## [Material for the task]
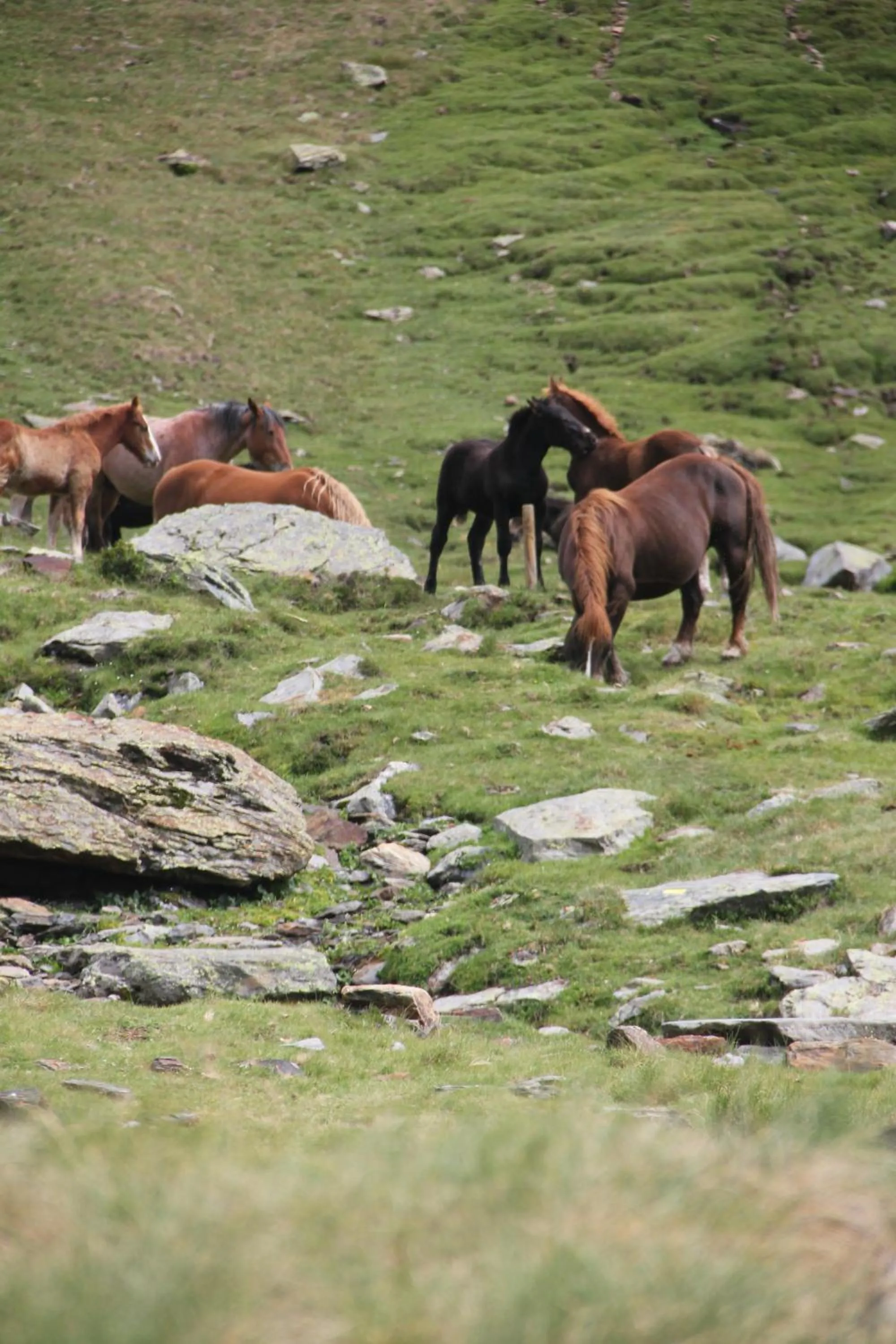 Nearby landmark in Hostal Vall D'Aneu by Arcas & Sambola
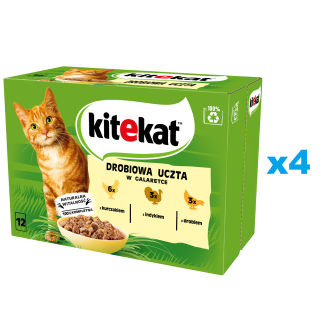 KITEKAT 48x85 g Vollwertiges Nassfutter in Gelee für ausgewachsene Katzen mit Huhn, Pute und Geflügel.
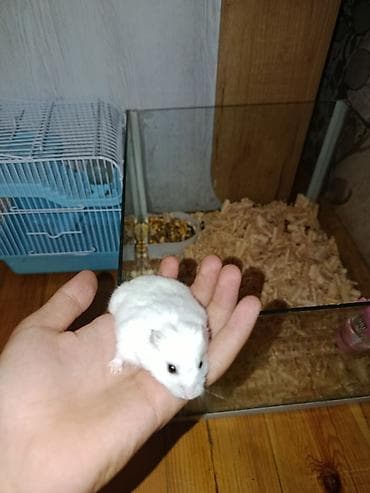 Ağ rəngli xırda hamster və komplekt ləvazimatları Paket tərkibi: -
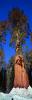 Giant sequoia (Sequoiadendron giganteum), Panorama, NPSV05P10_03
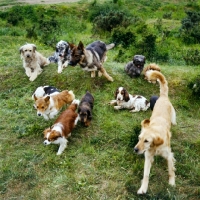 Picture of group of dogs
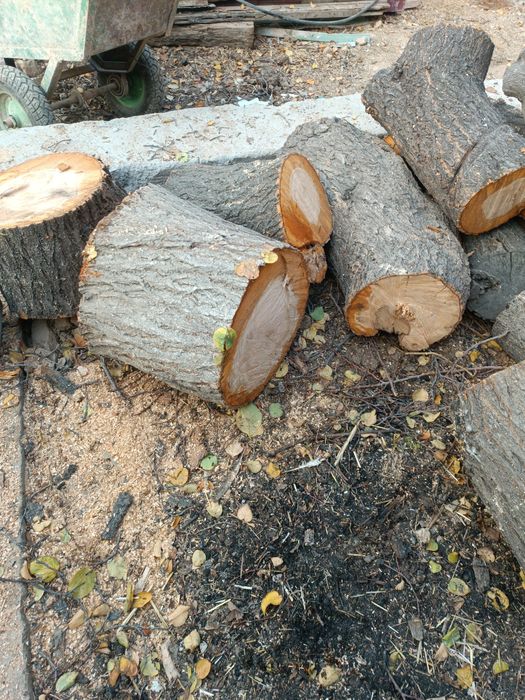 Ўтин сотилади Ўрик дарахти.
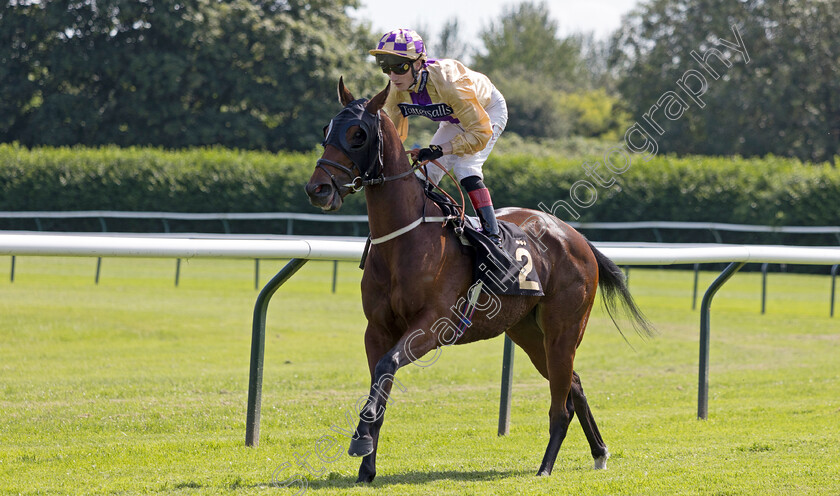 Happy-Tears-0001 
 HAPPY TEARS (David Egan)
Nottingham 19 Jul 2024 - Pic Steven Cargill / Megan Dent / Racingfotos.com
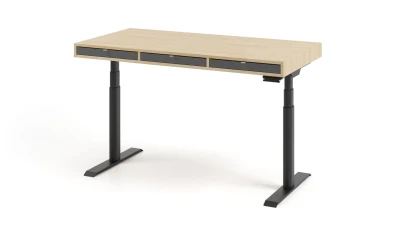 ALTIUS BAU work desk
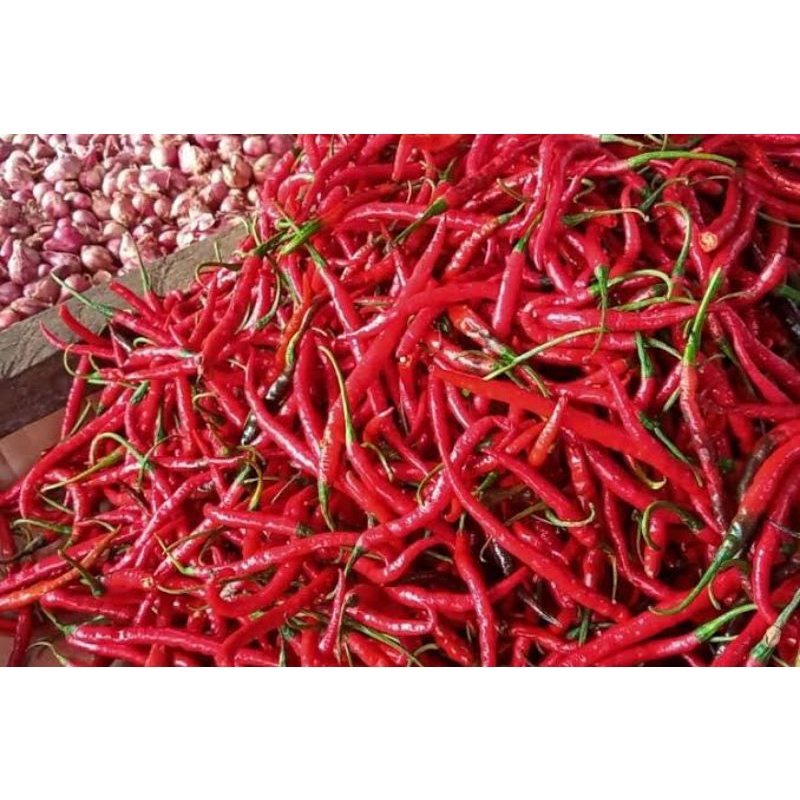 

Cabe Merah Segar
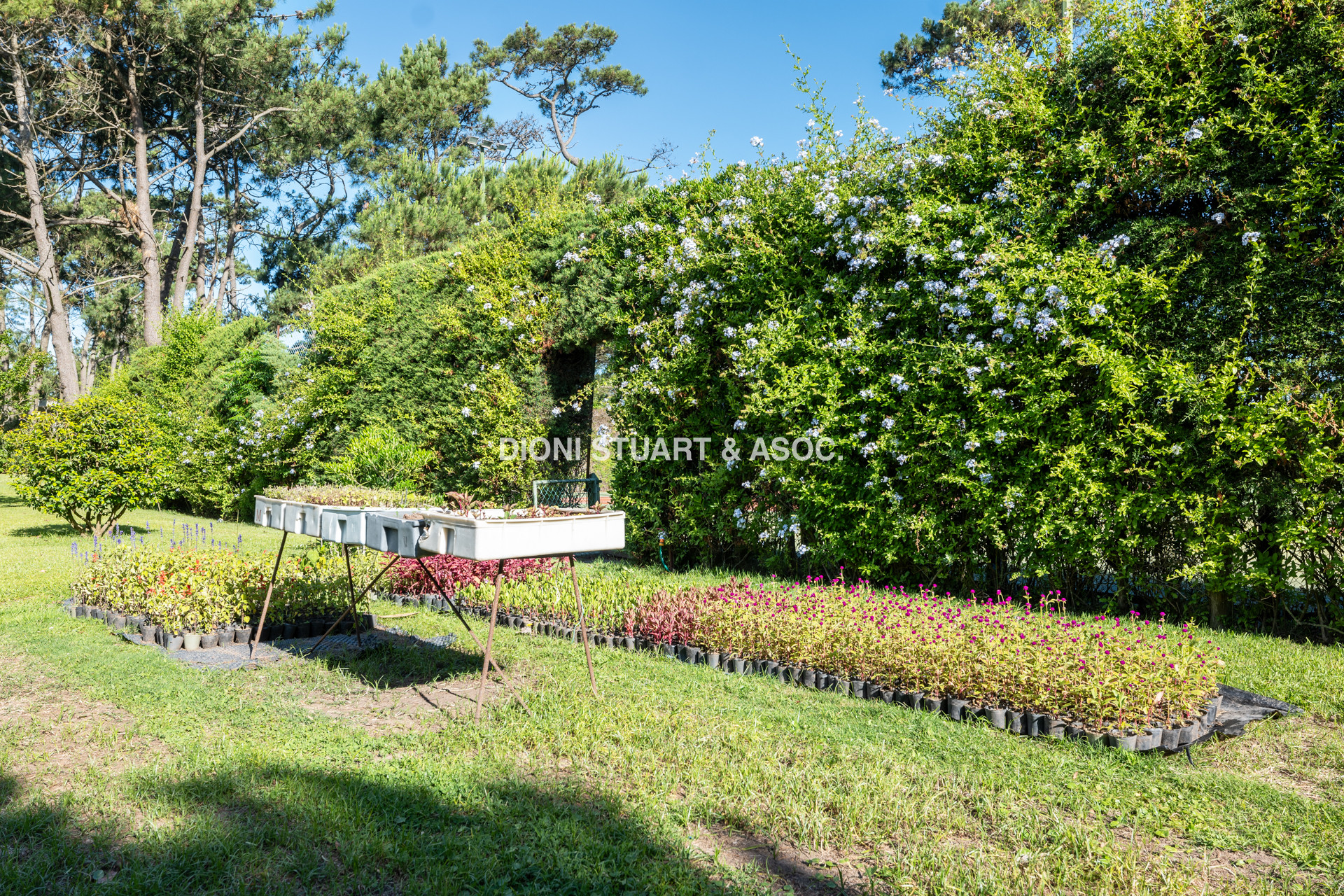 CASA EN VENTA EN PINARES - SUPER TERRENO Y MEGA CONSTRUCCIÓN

--

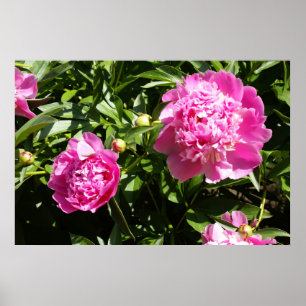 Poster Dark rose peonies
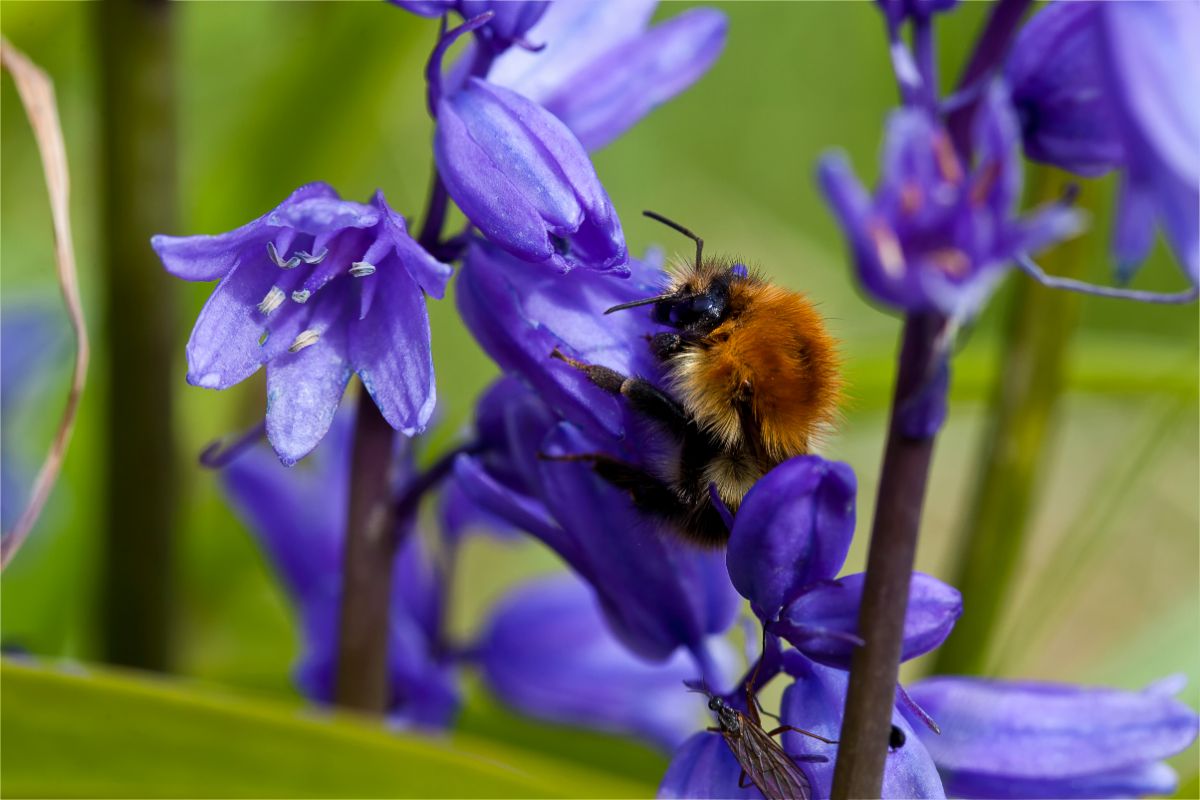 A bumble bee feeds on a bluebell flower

--

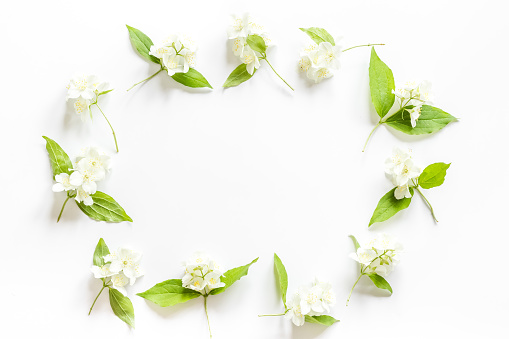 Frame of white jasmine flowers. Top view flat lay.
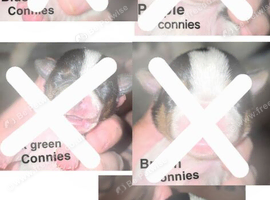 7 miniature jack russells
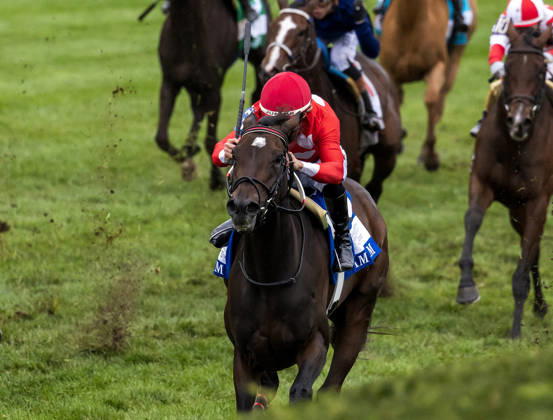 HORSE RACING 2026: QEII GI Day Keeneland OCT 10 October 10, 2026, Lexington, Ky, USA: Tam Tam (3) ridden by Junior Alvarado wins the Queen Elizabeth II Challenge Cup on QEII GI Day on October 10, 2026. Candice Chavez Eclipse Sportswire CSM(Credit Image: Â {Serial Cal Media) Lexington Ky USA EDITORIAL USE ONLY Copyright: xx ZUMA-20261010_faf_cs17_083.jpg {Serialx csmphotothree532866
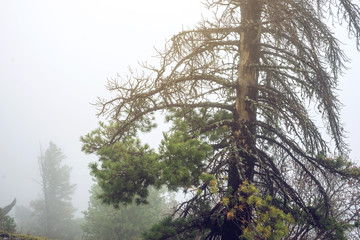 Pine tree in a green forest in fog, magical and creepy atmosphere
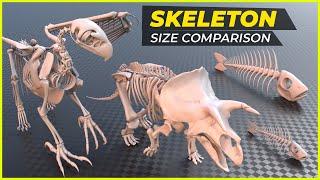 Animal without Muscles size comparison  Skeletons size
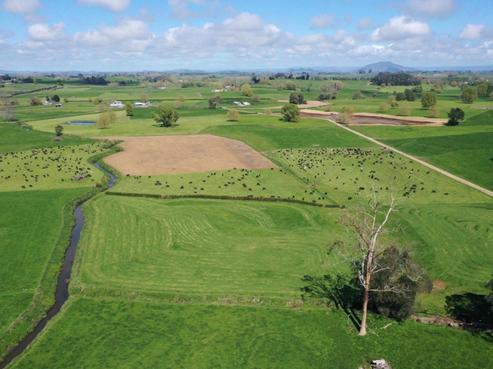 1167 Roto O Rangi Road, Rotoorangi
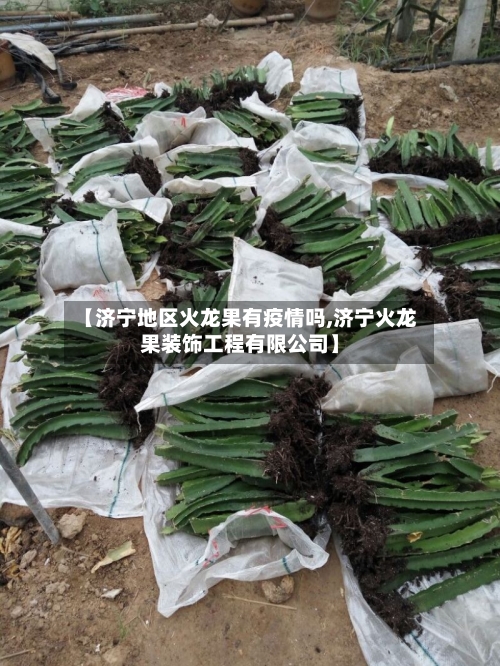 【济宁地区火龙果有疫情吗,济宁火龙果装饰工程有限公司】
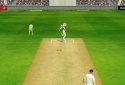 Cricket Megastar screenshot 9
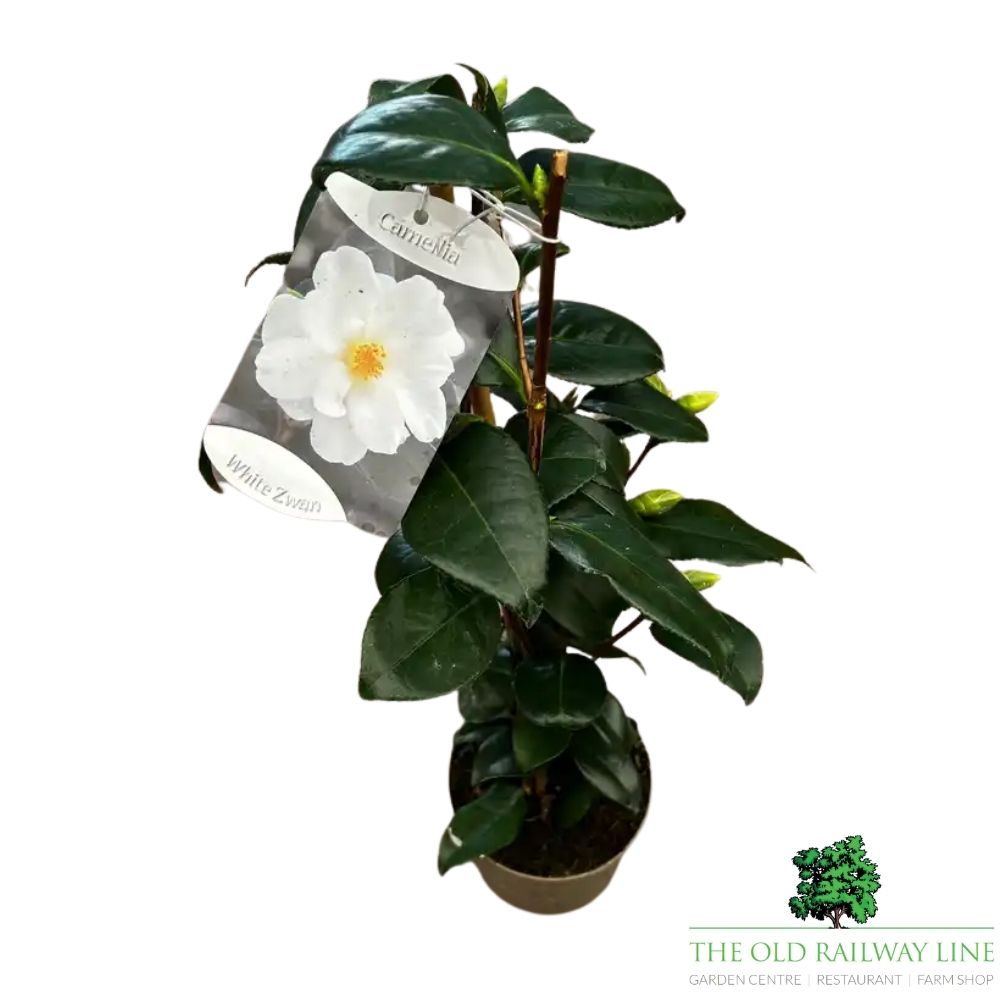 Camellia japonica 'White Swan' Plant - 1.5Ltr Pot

## [Work required]
Using the entries above, write out exactly the lines from the one with "Ўтин сотилади Ўрик дарахти." through the one with "CASA EN VENTA", ends included. Leave out any pictures.

## [Written reply]
 Ўтин сотилади Ўрик дарахти.
 Happy-Tears-0001 
 HAPPY TEARS (David Egan)
Nottingham 19 Jul 2024 - Pic Steven Cargill / Megan Dent / Racingfotos.com
 ALTIUS BAU work desk

Cabe Merah Segar
 CASA EN VENTA EN PINARES - SUPER TERRENO Y MEGA CONSTRUCCIÓN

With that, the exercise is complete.